(AVAILABLE RECORDS)
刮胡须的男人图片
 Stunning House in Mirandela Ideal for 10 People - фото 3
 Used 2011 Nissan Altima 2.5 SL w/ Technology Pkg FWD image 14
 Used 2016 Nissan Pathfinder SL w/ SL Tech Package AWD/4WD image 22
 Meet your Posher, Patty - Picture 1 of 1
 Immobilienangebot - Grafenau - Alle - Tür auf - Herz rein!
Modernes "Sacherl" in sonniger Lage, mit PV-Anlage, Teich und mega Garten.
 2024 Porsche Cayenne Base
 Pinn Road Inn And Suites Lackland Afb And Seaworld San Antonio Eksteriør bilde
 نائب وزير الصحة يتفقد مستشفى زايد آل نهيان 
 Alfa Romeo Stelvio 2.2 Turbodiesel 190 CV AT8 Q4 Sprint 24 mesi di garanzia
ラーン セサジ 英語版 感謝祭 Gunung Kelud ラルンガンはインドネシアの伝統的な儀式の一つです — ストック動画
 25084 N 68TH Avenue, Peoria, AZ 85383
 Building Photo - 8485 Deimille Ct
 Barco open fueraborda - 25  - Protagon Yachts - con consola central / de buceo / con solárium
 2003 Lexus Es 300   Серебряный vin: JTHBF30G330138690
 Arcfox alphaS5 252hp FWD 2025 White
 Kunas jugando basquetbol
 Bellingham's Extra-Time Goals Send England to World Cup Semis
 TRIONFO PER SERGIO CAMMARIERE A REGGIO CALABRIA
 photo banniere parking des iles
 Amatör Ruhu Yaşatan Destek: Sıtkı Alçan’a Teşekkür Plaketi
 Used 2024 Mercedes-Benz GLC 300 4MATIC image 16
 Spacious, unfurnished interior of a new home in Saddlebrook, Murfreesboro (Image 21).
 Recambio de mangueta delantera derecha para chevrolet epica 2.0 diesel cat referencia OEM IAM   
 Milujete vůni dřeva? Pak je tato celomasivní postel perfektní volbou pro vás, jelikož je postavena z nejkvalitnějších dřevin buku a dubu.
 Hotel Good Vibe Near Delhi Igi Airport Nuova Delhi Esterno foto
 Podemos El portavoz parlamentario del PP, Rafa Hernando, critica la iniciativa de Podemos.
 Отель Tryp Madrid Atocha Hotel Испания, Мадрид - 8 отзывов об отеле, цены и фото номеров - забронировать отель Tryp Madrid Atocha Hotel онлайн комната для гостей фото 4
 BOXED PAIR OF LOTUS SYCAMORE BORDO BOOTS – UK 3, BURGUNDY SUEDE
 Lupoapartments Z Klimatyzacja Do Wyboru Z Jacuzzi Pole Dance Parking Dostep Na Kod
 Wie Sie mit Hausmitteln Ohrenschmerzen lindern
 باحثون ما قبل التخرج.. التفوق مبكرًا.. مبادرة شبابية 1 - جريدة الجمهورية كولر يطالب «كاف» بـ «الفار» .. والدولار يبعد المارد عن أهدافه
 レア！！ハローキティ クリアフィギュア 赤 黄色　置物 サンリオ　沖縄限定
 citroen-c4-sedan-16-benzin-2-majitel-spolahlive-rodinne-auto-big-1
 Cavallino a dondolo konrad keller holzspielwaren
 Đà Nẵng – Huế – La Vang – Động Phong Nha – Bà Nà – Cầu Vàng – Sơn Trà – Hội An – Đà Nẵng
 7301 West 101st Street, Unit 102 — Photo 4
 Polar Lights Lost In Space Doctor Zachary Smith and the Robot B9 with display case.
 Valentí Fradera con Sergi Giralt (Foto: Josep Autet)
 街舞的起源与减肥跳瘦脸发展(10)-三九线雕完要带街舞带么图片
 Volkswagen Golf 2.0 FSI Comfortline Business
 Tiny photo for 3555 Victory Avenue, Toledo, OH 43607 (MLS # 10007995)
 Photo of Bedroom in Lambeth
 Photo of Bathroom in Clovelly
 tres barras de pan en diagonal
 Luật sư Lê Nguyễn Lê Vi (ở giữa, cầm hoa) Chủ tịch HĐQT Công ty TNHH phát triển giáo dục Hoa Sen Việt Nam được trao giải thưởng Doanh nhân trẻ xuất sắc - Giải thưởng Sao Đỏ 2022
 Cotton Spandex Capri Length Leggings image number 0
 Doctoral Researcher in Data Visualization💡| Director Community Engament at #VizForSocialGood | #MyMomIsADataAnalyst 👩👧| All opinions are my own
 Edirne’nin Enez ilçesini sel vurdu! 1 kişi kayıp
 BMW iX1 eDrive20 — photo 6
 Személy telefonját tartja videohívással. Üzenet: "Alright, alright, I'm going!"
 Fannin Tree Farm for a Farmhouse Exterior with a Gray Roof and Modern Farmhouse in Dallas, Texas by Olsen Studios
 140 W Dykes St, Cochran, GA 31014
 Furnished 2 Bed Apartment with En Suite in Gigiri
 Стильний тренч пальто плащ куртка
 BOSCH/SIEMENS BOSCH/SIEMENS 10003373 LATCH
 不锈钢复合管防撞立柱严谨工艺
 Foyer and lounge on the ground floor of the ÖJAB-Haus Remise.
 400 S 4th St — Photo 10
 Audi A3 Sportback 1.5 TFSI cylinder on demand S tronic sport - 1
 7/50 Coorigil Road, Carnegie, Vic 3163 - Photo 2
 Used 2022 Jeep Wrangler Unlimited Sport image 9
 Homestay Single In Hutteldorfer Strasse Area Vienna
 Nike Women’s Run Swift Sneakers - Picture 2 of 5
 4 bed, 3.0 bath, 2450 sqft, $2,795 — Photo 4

(TASK INSTRUCTIONS) Return a word-for-word copy of the lines above from the one holding "25084 N 68TH Avenue, Peoria, AZ 85383" through the one holding "Amatör Ruhu Yaşatan", with both of them included and nothing besides.

(TASK OUTPUT)
 25084 N 68TH Avenue, Peoria, AZ 85383
 Building Photo - 8485 Deimille Ct
 Barco open fueraborda - 25  - Protagon Yachts - con consola central / de buceo / con solárium
 2003 Lexus Es 300   Серебряный vin: JTHBF30G330138690
 Arcfox alphaS5 252hp FWD 2025 White
 Kunas jugando basquetbol
 Bellingham's Extra-Time Goals Send England to World Cup Semis
 TRIONFO PER SERGIO CAMMARIERE A REGGIO CALABRIA
 photo banniere parking des iles
 Amatör Ruhu Yaşatan Destek: Sıtkı Alçan’a Teşekkür Plaketi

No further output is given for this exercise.